Trouble shooting starting a remote public edge router

Well.. this has been a bit of a journey of discovery on the importance of making sure you use the right port numbers. I believe I am past that now.. and are now presented with my next error to troubleshoot :slight_smile:

Setup.

Controller on compute #1
Public Edge Router on compute #2

Situation

  1. created the config on compute #2

ziti create config router edge --routerName "${router_name}" > "${ZITI_HOME}/${router_name}.yaml"

  1. created the public edge router jwt file

ziti edge create edge-router "${router_name}" -o "${ZITI_HOME}/${router_name}.jwt" -t -a "public"
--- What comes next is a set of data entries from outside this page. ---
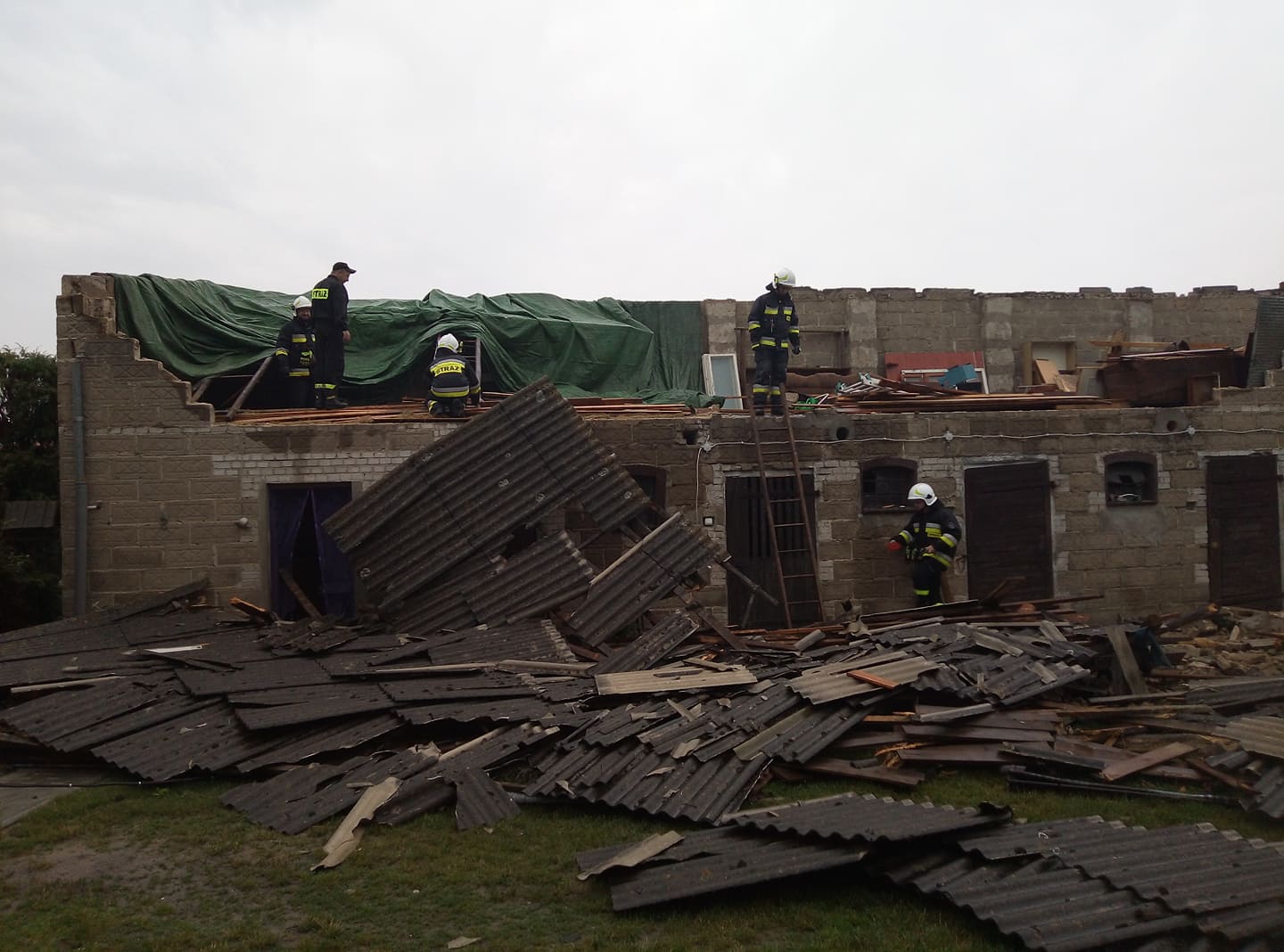 Zniszczenia po nawałnicy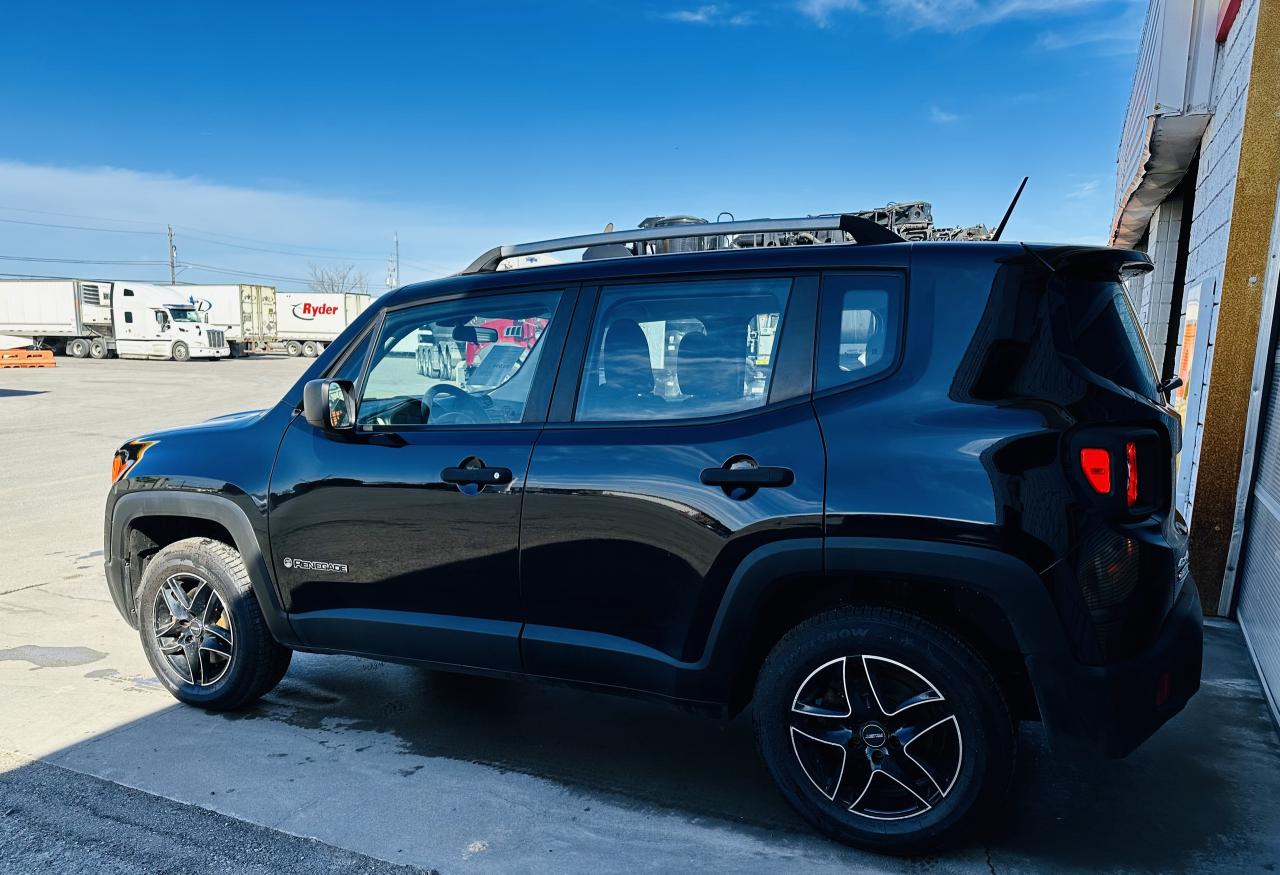 2015 Jeep Renegade Sport Photo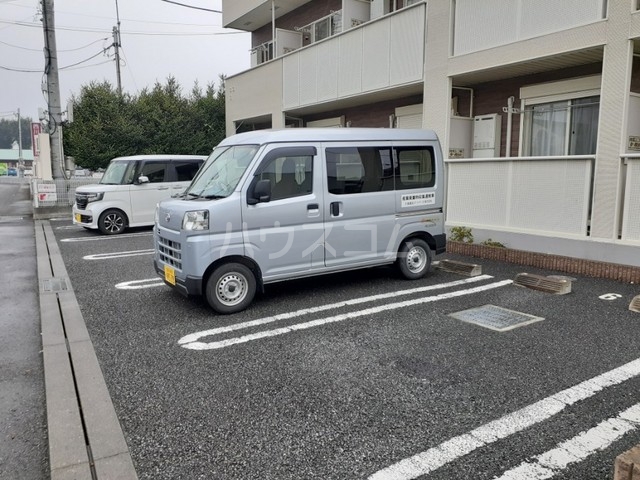 15/24 駐車場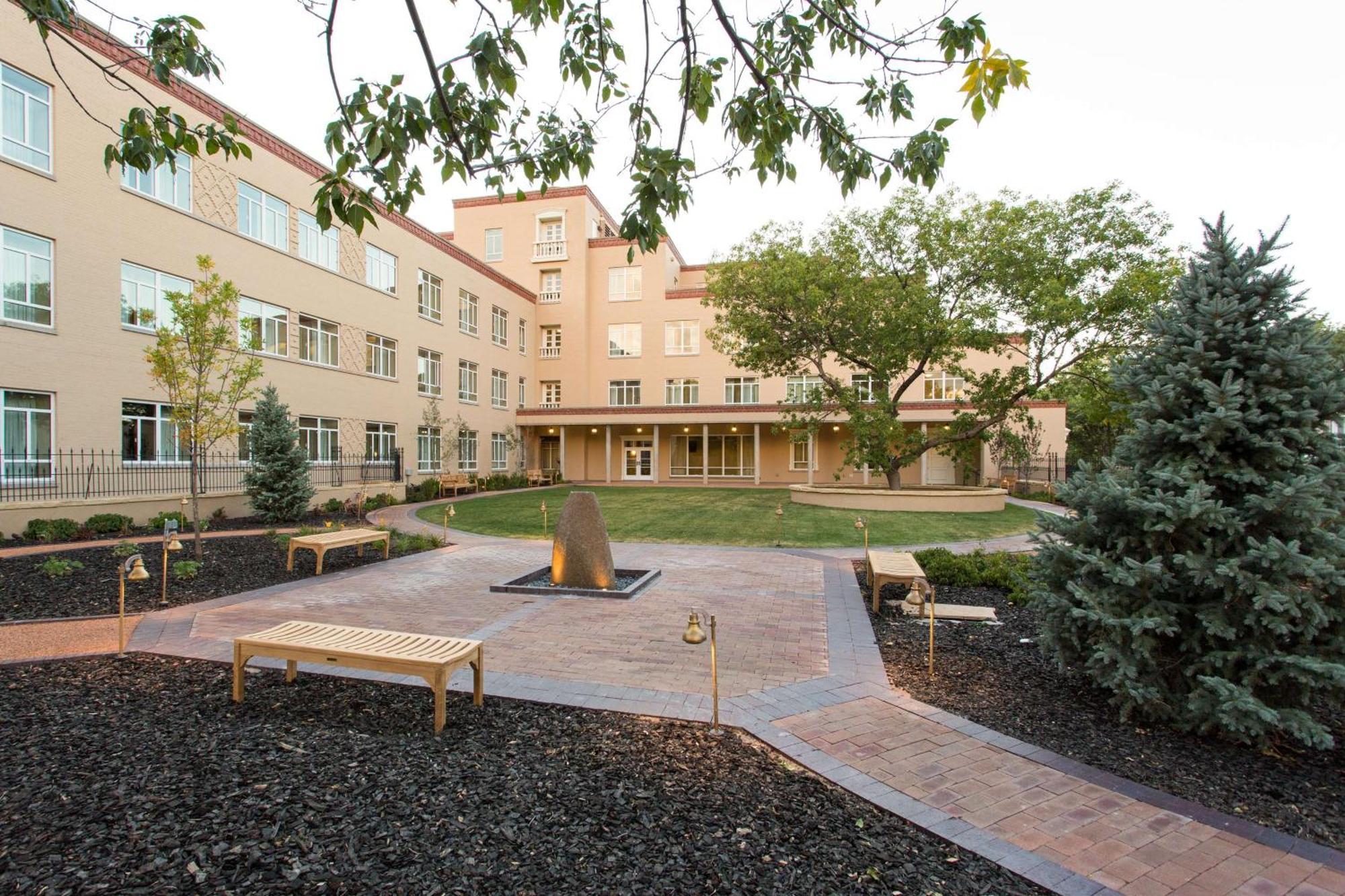 Drury Plaza Hotel In Santa Fe Exterior photo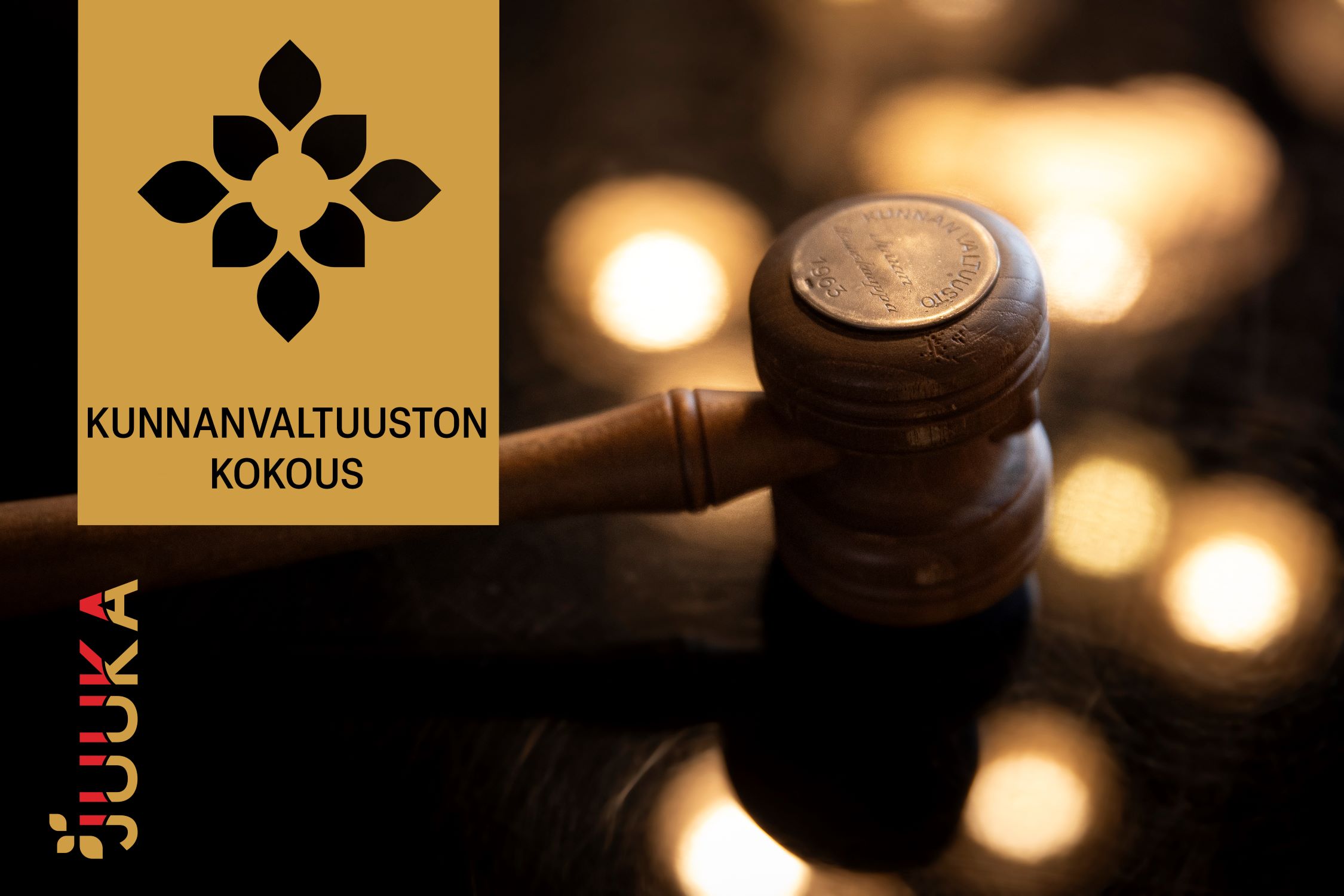 Kuvassa hämärässä valaistuksessa kokousnuija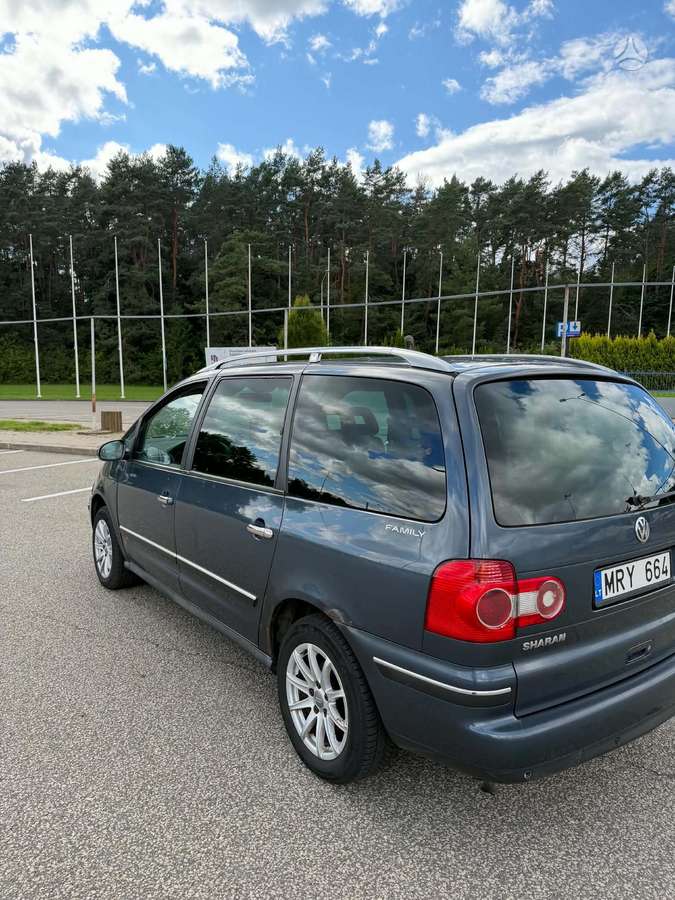 Volkswagen Sharan - 1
  1. Enrolled the public edge router on compute 2

ziti-router enroll "${ZITI_HOME}/${router_name}.yaml" --jwt "${ZITI_HOME}/${router_name}.jwt" &> "${ZITI_HOME}/${router_name}.enrollment.log"

{"file":"github.com/openziti/edge@v0.22.36/router/enroll/enroll.go:205","func":"github.com/openziti/edge/router/enroll.(*RestEnroller).Enroll","level":"info","msg":"registration complete","time":"2022-07-30T14:32:27.457Z"}

  1. start up the public edge router

ziti-router run "${ZITI_HOME}/${router_name}.yaml" > "${ZITI_HOME}/${router_name}.log"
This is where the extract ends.